The Court allowed the appeal in part, setting aside the High Court, DRAT, and DRT orders. The auction sale of 11 March 2010 was quashed. However, the auction purchaser was entitled to refund of entire deposits with 7 per cent interest from respective deposit dates until payment, to be effected within six weeks. The appellant was granted opportunity to redeem the mortgage, to approach the secured creditor within two weeks to ascertain amount due. Upon payment within the stipulated period (not less than one month from intimation), the asset would be restored free from encumbrances. The redemption amount was fixed at Rs. 95,42,372.52 with 5 per cent interest from the Section 13(2) notice date until payment. If the appellant failed to pay, the asset could be re-auctioned after eight weeks, with the secured creditor obtaining a fresh valuation from a government-empanelled valuer. These directions were issued under Article 142 as a one-time measure, with forfeiture of all rights upon failure to avail the opportunity. The limitation issue was left open as superfluous given the resolution on sale validity. Parties were directed to bear their own costs.

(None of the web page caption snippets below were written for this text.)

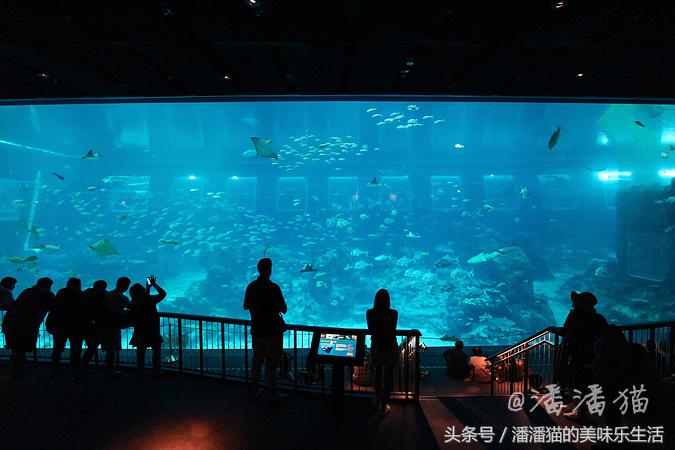 新加坡圣淘沙一日游路线图,新加坡圣淘沙游玩攻略费用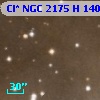Cl* NGC 2175      H     140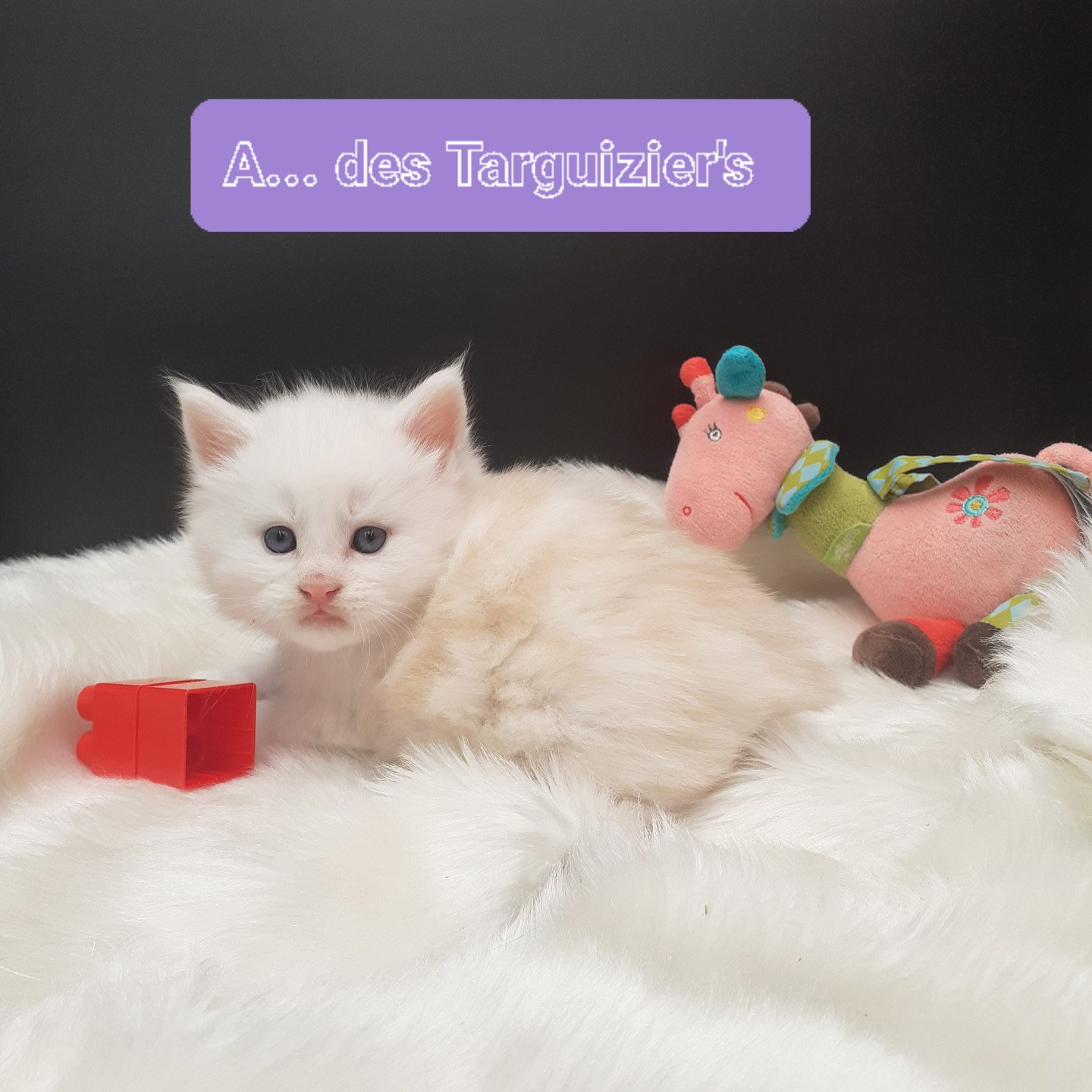 chaton Maine coon cream A-est-réservé La Chatterie des targuizier's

This judgment significantly advances SARFAESI jurisprudence by reaffirming that statutory procedural mandates cannot be diluted by equitable considerations or passage of time. The insistence on strict Rule 9 compliance, particularly written agreement for extension, sets clear precedent. Simultaneously, Article 142’s invocation to grant one-time redemption while protecting the auction purchaser through refund with interest demonstrates the Court’s commitment to balancing equities. The judgment serves as a stern reminder that the SARFAESI Act is not carte blanche for recovery; every procedural safeguard must be scrupulously adhered to. For legal heirs, it reinforces that lawful interest cannot be divested except through fair, just, and strictly conforming procedure. By leaving the limitation question open, the Court preserves the appellant’s position for future proceedings while resolving the immediate controversy on procedural irregularity grounds. The judgment thus achieves delicate balance between upholding rule of law in secured asset enforcement and ensuring justice between parties in these peculiar circumstances.